As we go deeper into digital transformation and as companies move towards large-scale globally distributed systems, the complexity that comes with them increases. This means that failures in these intricate systems become much harder to predict, as opposed to traditional, monolithic systems.
Yet, these failures could result in high costs for teams to repair them; not to mention the painstaking probability of the potential loss of new and existing customers.
The question then is how can we build confidence in the systems that we put into production? How can teams make sure that they’re releasing stable and resilient software that can handle any unpredictable conditions that they’re put into?
This is when teams turn to what is aptly referred to as “chaos engineering”.
What is chaos engineering?
According to the Principles of Chaos, chaos engineering is “the discipline of experimenting on a system in order to build confidence in the system’s capability to withstand turbulent conditions in production.”
In other words, chaos engineering is the process of testing distributed systems to ensure that it can withstand turbulent conditions and unexpected disturbances. Strictly speaking, this is the “chaos” of production.
Chaos engineering is particularly applicable to large-scale, distributed systems. Since such systems are now hosted on globally distributed infrastructures, there are many complex dependencies and moving parts with several points of failure. This makes it harder to predict when an unexpected error will occur.
Due to the unpredictability of these failures of the components of the system, it becomes harder to test for them in a typical software development life cycle.
This is when the concept of chaos engineering came about as a way to predict and test for such failures and uncover hidden flaws within these systems.
In other words, this concept determines the resilience of these systems by identifying their vulnerabilities by carrying out controlled experiments to test for any unpredictable and unstable behavior.
This is done by breaking things on purpose by injecting failure and various types of faults into the system to see how it responds.
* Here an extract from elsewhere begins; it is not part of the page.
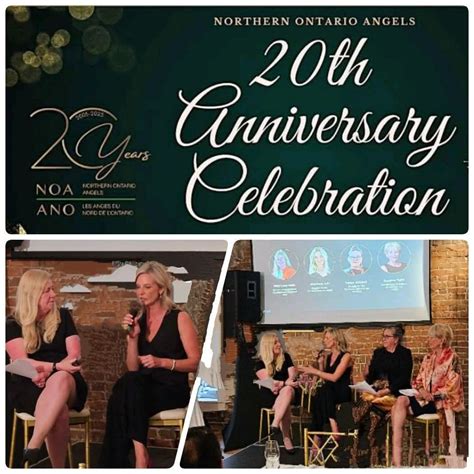 Ontario Angels Leaked XxX 🍑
This will help determine any potential outages and weaknesses in the system.
The ultimate goal of this is a lesson in how to build more resilient systems.
Where does the term come from?
Before we delve any deeper into chaos engineering, it would be helpful to understand where this concept originated.
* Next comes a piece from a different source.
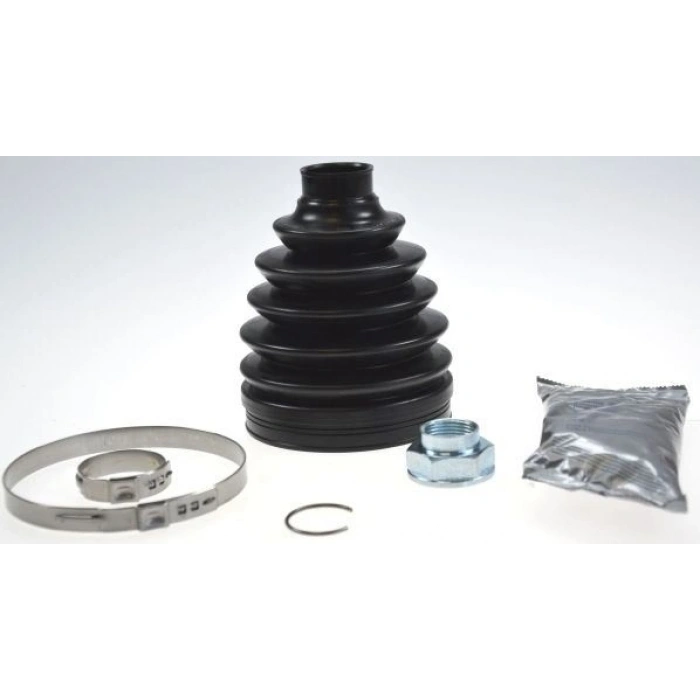 AKS KÖRÜĞÜ DIŞ COROLLA 88-02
Chaos engineering started in 2010 when the engineering team at Netflix decided to develop “Chaos Monkey”, which was later made open source, as the team at Netflix migrated from a monolithic architecture to the cloud, deployed on AWS.
For Netflix, this migration to hundreds of microservices brought on a high amount of complexity; therefore, engineers at Netflix were seeking a better approach to prevent sudden outages in the system.
These engineers were mainly looking for a way to disable instances and services within their architecture to ensure that their system can handle such failures with minimal impact on the user experience, allowing them to build a more resilient and reliable architecture.
The idea behind the Chaos Monkey tool was that they would unleash a “wild monkey” to break down individual components in a carefully monitored environment to make sure that a breakdown in this single component wouldn’t affect the entire system.
This, in turn, helped them locate the weaknesses in the system and build automatic recovery plans to address them and alter the system if necessary so that it could easily tolerate unplanned failures in the future.
Afterwards, Chaos Monkey improved and evolved to allow Netflix engineers to more precisely determine failures by testing against more failure states, enhancing the resilience of their system.
From then on, the chaos journey began for Netflix and later on for many organizations dealing with similar distributed systems.
Principles of chaos engineering
We can deduce that chaos engineering involves running experiments to understand how a distributed system behaves when faced with failure.
Unlike other forms of testing, chaos engineering involves experimentation and learning new things about a system by creating a hypothesis and attempting to prove that hypothesis. If it’s not true, this is a chance to learn something new about the system.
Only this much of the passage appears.